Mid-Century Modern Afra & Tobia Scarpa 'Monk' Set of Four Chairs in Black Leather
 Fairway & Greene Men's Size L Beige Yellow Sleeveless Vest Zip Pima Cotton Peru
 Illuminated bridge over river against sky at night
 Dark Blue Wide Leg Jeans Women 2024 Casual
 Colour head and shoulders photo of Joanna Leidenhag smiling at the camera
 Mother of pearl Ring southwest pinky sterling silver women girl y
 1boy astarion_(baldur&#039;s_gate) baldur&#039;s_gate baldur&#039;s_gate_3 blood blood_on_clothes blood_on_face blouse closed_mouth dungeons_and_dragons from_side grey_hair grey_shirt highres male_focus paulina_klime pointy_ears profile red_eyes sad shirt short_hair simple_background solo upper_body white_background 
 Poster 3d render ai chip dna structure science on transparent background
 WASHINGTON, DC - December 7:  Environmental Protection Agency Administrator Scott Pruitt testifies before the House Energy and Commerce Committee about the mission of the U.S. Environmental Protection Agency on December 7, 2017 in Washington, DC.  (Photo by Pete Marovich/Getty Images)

What this task involves
Transcribe, exactly and completely, all of the entries.

Expected answer
Mid-Century Modern Afra & Tobia Scarpa 'Monk' Set of Four Chairs in Black Leather
 Fairway & Greene Men's Size L Beige Yellow Sleeveless Vest Zip Pima Cotton Peru
 Illuminated bridge over river against sky at night
 Dark Blue Wide Leg Jeans Women 2024 Casual
 Colour head and shoulders photo of Joanna Leidenhag smiling at the camera
 Mother of pearl Ring southwest pinky sterling silver women girl y
 1boy astarion_(baldur&#039;s_gate) baldur&#039;s_gate baldur&#039;s_gate_3 blood blood_on_clothes blood_on_face blouse closed_mouth dungeons_and_dragons from_side grey_hair grey_shirt highres male_focus paulina_klime pointy_ears profile red_eyes sad shirt short_hair simple_background solo upper_body white_background 
 Poster 3d render ai chip dna structure science on transparent background
 WASHINGTON, DC - December 7:  Environmental Protection Agency Administrator Scott Pruitt testifies before the House Energy and Commerce Committee about the mission of the U.S. Environmental Protection Agency on December 7, 2017 in Washington, DC.  (Photo by Pete Marovich/Getty Images)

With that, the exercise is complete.